◆ Scraped caption text data
★ ★ ★ ★ ★ ★ ★
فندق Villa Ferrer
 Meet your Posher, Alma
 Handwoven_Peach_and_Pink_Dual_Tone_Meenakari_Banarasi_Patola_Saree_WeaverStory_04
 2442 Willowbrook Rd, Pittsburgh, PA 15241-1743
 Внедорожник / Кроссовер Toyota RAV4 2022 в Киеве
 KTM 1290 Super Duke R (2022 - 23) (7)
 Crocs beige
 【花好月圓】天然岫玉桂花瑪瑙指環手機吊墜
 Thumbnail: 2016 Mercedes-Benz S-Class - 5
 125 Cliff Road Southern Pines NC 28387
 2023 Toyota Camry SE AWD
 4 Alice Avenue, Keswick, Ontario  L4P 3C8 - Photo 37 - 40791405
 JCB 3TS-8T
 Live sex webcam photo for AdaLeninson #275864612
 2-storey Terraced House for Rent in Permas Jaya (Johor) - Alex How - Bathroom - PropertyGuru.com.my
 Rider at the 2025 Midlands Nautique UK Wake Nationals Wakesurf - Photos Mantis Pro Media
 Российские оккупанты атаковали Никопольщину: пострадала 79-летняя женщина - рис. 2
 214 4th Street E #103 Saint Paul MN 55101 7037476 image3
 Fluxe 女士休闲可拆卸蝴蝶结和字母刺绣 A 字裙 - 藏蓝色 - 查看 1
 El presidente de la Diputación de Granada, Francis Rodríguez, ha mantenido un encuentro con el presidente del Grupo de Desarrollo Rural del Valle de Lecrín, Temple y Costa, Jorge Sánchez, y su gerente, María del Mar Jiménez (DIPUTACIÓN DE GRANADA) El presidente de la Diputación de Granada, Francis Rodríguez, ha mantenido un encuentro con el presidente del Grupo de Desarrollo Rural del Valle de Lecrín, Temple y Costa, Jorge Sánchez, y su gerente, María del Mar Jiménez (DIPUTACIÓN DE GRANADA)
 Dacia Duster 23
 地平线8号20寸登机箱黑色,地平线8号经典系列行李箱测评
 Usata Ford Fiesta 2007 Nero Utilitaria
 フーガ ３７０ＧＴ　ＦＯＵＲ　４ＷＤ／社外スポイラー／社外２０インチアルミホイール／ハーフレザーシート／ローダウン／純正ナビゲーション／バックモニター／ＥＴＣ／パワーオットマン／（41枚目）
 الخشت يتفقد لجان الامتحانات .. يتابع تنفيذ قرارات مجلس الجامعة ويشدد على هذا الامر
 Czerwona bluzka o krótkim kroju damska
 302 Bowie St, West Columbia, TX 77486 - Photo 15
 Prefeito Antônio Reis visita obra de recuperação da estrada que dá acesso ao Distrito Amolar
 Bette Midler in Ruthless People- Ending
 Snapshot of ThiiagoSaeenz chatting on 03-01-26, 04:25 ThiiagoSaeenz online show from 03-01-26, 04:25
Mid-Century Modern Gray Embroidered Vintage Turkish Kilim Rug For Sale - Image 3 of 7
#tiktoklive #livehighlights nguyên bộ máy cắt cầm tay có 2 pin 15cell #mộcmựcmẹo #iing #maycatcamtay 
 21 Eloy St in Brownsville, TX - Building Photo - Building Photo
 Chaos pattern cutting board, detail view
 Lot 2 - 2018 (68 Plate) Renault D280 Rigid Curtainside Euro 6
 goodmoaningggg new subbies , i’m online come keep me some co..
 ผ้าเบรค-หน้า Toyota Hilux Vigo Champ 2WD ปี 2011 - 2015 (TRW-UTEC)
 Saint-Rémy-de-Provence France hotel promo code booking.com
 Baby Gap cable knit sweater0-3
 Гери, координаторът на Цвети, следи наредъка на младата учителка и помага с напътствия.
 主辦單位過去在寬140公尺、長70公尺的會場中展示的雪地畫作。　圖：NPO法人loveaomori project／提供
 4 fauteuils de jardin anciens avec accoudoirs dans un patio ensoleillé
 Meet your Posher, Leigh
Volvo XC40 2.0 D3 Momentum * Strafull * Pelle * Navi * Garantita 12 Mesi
★ ★ ★ ★ ★ ★ ★
◆ Task directions
The range runs from the line above containing "الخشت يتفقد لجان" to the line containing "4 fauteuils de", inclusive. Restate those lines word for word and no others.

◆ Output of the task
 الخشت يتفقد لجان الامتحانات .. يتابع تنفيذ قرارات مجلس الجامعة ويشدد على هذا الامر
 Czerwona bluzka o krótkim kroju damska
 302 Bowie St, West Columbia, TX 77486 - Photo 15
 Prefeito Antônio Reis visita obra de recuperação da estrada que dá acesso ao Distrito Amolar
 Bette Midler in Ruthless People- Ending
 Snapshot of ThiiagoSaeenz chatting on 03-01-26, 04:25 ThiiagoSaeenz online show from 03-01-26, 04:25
Mid-Century Modern Gray Embroidered Vintage Turkish Kilim Rug For Sale - Image 3 of 7
#tiktoklive #livehighlights nguyên bộ máy cắt cầm tay có 2 pin 15cell #mộcmựcmẹo #iing #maycatcamtay 
 21 Eloy St in Brownsville, TX - Building Photo - Building Photo
 Chaos pattern cutting board, detail view
 Lot 2 - 2018 (68 Plate) Renault D280 Rigid Curtainside Euro 6
 goodmoaningggg new subbies , i’m online come keep me some co..
 ผ้าเบรค-หน้า Toyota Hilux Vigo Champ 2WD ปี 2011 - 2015 (TRW-UTEC)
 Saint-Rémy-de-Provence France hotel promo code booking.com
 Baby Gap cable knit sweater0-3
 Гери, координаторът на Цвети, следи наредъка на младата учителка и помага с напътствия.
 主辦單位過去在寬140公尺、長70公尺的會場中展示的雪地畫作。　圖：NPO法人loveaomori project／提供
 4 fauteuils de jardin anciens avec accoudoirs dans un patio ensoleillé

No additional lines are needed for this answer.